CWDN series: what defines modern software development practices?

Programmers, coders, software engineers of all creeds and even meddling script kiddies all see themselves as artists, of a sort. 

Creating applications, data engineering and services across PCs, mobile devices, the cloud backbone and throughout the Internet of Things (IoT), the developer is the artist, the keyboard is the colour palette and the command line is the painter’s easel and canvas.

Just as we see art fall into various ages, disciplines and genres (classical, abstract, post-modern and renaissance), software programming also falls into various fields, categories and sub-genres (waterfall, Agile, scrum or pair-based, RAD rapid and now low-code and – if we allow it in this list – no-code for businesspeople) in the wider spectrum of code creation.

Going deeper here, it’s important to remember that some people would classify different programming types by the vary language type itself i.e. declarative, concurrent, dataflow, functional and so on. Still others might separate them out by target device i.e. desktop, mobile, embedded firmware etc.

So with all of that in the mix, what actually constitutes what we can now stand back and call a modern software development practice?

Modern development

Is modern software development simply cloud-native cloud-first multi-cloud?

Is a modern software development that which embraces data-driven big data insight and makes inherent use of Artificial Intelligence (AI) and Machine Learning (ML)?

Is modern software development services-centric, is it resolutely web-scale (and so capable of deployment across connected services backbones), or it it simply (now that we can provide so many reusable components and frameworks out-of-the-box) low-code? 

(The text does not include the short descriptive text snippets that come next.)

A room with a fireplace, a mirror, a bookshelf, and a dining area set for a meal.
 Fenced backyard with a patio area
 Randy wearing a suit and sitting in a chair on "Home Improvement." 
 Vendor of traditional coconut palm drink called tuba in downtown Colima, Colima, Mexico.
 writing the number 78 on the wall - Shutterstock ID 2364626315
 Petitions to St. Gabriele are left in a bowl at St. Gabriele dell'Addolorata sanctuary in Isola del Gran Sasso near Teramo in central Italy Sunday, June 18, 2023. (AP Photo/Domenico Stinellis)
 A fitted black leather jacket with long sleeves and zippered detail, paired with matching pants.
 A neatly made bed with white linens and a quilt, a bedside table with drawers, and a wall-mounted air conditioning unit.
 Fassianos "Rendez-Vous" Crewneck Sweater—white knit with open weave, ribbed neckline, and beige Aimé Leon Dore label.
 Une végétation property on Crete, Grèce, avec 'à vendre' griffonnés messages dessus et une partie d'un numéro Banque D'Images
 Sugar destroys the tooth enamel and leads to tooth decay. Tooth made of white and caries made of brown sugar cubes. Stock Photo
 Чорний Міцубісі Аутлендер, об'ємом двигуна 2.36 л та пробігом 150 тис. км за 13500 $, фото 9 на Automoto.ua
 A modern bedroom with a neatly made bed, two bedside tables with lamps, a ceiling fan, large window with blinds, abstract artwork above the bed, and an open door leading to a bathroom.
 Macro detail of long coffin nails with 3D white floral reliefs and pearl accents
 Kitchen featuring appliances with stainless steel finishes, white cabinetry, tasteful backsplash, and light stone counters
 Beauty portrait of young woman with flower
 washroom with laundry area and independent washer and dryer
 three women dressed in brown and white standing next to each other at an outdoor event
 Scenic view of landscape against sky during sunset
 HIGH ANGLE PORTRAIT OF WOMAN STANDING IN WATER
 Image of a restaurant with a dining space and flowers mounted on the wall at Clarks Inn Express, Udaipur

Or is it all of the above?

Some speakers suggest that modern development is typified by a high degree of experimentation and iteration. So-called old world IT doesn’t map to modern business, there is now a need for customer [and user] interaction. Today we need to have far more immediacy in our software. This perhaps suggests that modern software is software that has User eXperience sensitivity plugged into its core DNA from the start.

Senior technical evangelist, UK and Ireland at AWS (and perhaps the company’s de facto head of developer evangelism) Steve Bryen says that modern applications exhibit six core traits — that they are:

  • Secure
  • Resilient
  • Elastic
  • Modular
  • Automated
  • Interoperable

Application modernisation specialists

Today we have a specialist segment of the enterprise software market that defines itself as application modernisation specialists. Often focused on taking us away from legacy mainframe and pre-cloud applications, the thrust from vendors in this space is to push us towards microservices, virtual machines, containers and Kubernetes.

According to open source web server company Nginx, a modern application is one that supports multiple clients – whether the client is a UI using the React JavaScript library, a mobile app running on Android or iOS, or a downstream application that connects to the application through an API. 

“Modern applications expect to have an undefined number of clients consuming the data and services it provides. A modern application provides an API for accessing that data and those services. The API is consistent, rather than bespoke to different clients accessing the application. The API is available over HTTP(S) and provides access to all the features and functionality available through the GUI or CLI,” writes Chris Stetson, Chief Architect & Senior Director of Microservices Engineering

Infinity & beyond

As we now move forward into the re-platforming, re-factoring and indeed reinventing needed to enable the world of modern software application development, there will be a host of fundamentally connected tangential factors.

Can you approach modern software application development with an archaic, traditional or legacy approach to database management? One would assume ideally not, but perhaps in some cases you have to.

Is automation, abstraction and (perhaps above all) autonomous control (at the infrastructure layer… and upwards all the way to the user interface layer) the key drivers that will ultimately define modern software application development? 

We may find that modern development is serverless, headless and stateless… so what else will we find? Is low-code as important as the low-coders would have us believe… and will no-code functionality (built by business users) ultimately find its way back into low-code and code-code software application development?

Does all future-facing modern development feature elements of Robotic Process Automation (RPA) and will the bot software robots ultimately start programming for us anyway?

Programmers will always be artists, the question now is… what are the modernists working on and what flavour ingredients are in this modern soup?